There is a slight misunderstanding going here. I'm not talking about gccrs rust frond-end project which got merged into GCC to become part of GCC 13 in autumn last year to be released this spring probably. I'm talking and AFAIK Jan too about real Rust as distributed/provided by https://www.rust-lang.org/.

The messages from gccrs project are kind of mixed and clearly warns that even with GCC 13, the front-end would be good just for GCC rust ongoing development and not yet for let say Rust code in Linux kernel.
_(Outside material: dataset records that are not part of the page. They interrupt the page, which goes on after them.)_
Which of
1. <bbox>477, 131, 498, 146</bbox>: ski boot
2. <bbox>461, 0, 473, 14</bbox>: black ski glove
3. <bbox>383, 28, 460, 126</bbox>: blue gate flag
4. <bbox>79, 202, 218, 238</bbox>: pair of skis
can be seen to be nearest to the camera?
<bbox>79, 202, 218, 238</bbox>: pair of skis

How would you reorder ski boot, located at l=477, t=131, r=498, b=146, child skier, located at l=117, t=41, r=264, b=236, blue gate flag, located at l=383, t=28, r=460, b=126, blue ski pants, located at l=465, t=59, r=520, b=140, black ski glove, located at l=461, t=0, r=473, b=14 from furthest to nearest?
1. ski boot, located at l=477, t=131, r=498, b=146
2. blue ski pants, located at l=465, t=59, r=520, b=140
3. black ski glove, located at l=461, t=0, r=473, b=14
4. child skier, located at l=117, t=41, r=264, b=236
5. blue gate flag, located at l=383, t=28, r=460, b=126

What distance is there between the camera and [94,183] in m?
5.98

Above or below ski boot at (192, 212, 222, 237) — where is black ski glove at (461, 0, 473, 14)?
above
I write that not to play that attempt down, in fact gccrs people work is outstanding, I write that just to remark that it may take some time before it's ready for general "consumption".

Hence, when investigating Rust for RTEMS, I went to rust-lang.org and investigated that because after all, this is still reference Rust implementation...

    Not sure if I did not confused you with my (2) libc remark. I of course
    mean Rust's libc (that means rust code) to be build on top of
    RTEMS/Newlib/libbsd combination. It'll be interesting project
    especially
    if the requirement later would be to support both binary targets: e.g.
    RTEMS without libbsd (for smaller systems) and RTEMS with libbsd for
    full-blown configuration. Anyway, for now, I would start with libbsd as
    this should make project proceeding faster IMHO.


You shouldn't need RTEMS or libbsd built until you link real executables
you want to run. All needed POSIX headers are present from newlib.

But I'm at the stage I'd like to link my Rust hello world with RTEMS BSP, that's what someone expects at the end anyway. :-)

I was test building rust just like C, C++, and Ada. Build the toolchain and
then build RTEMS.

So you liked rust + RTEMS well? Cool!